BEGIN

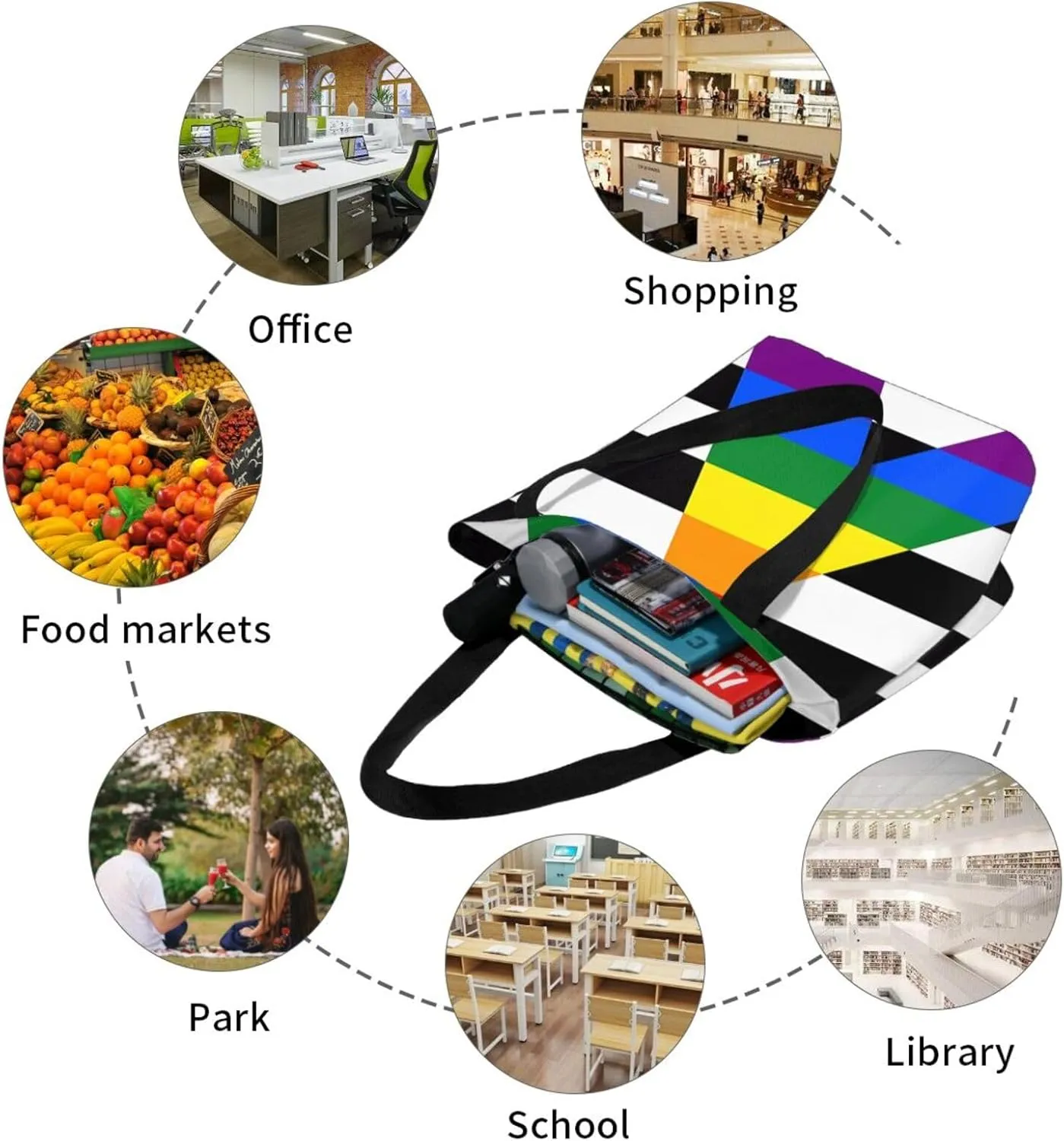 Agender flag Women's Tote Bag Lightweight Shopping Handbag Travel Shoulder Bag With Zipper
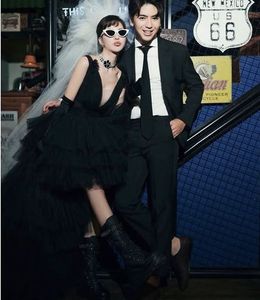 Beautiful royal black red carpet dress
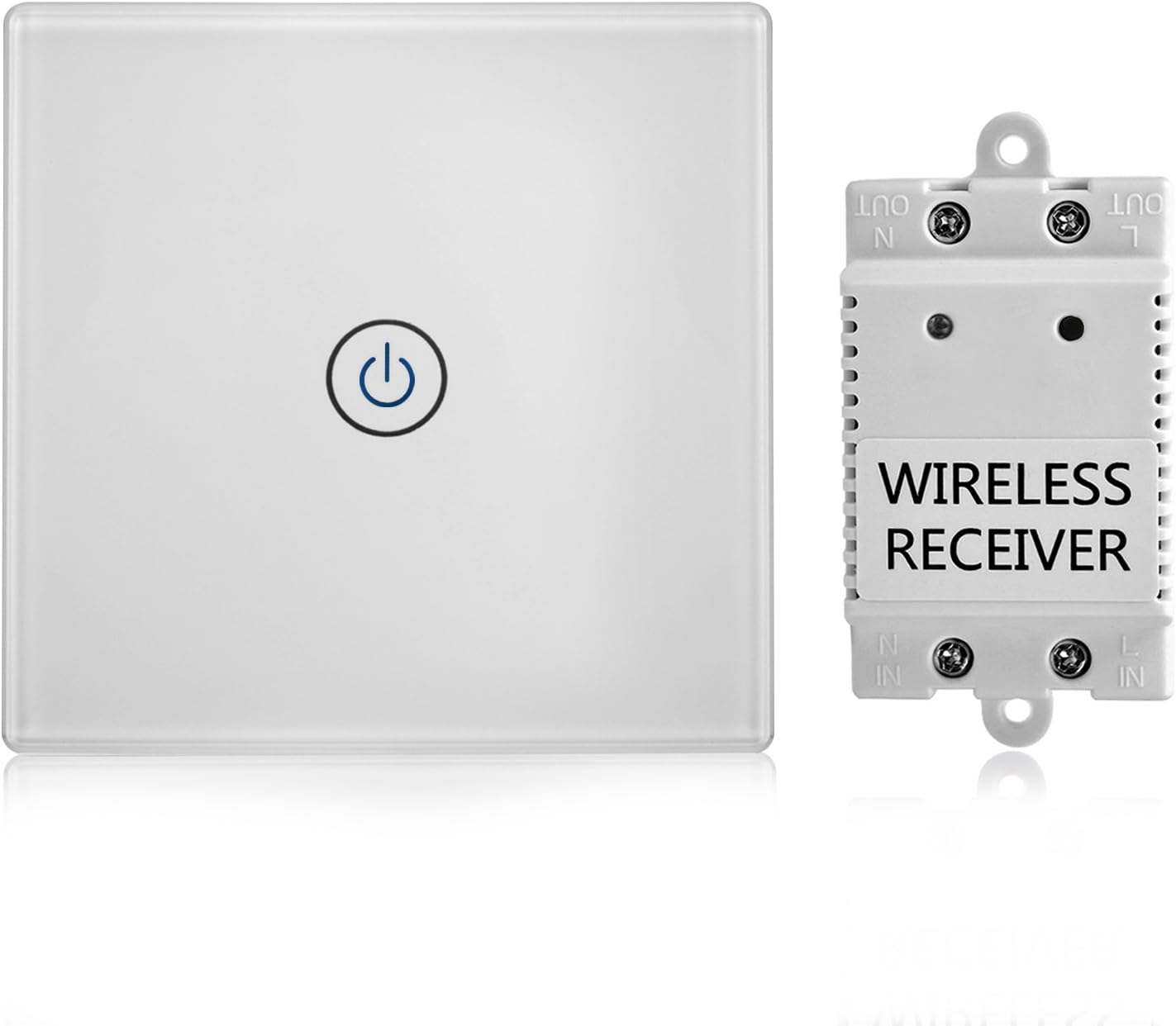 1-Way Wireless Light Switch + Receiver Set Touch Sensor Glass Plate Wireless Remote Control for Ceiling Light LED Lighting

END

_About this task_:
Skipping all pictures, set the listing down exactly as written.

_Exercise result_:
 Agender flag Women's Tote Bag Lightweight Shopping Handbag Travel Shoulder Bag With Zipper
 Beautiful royal black red carpet dress
 1-Way Wireless Light Switch + Receiver Set Touch Sensor Glass Plate Wireless Remote Control for Ceiling Light LED Lighting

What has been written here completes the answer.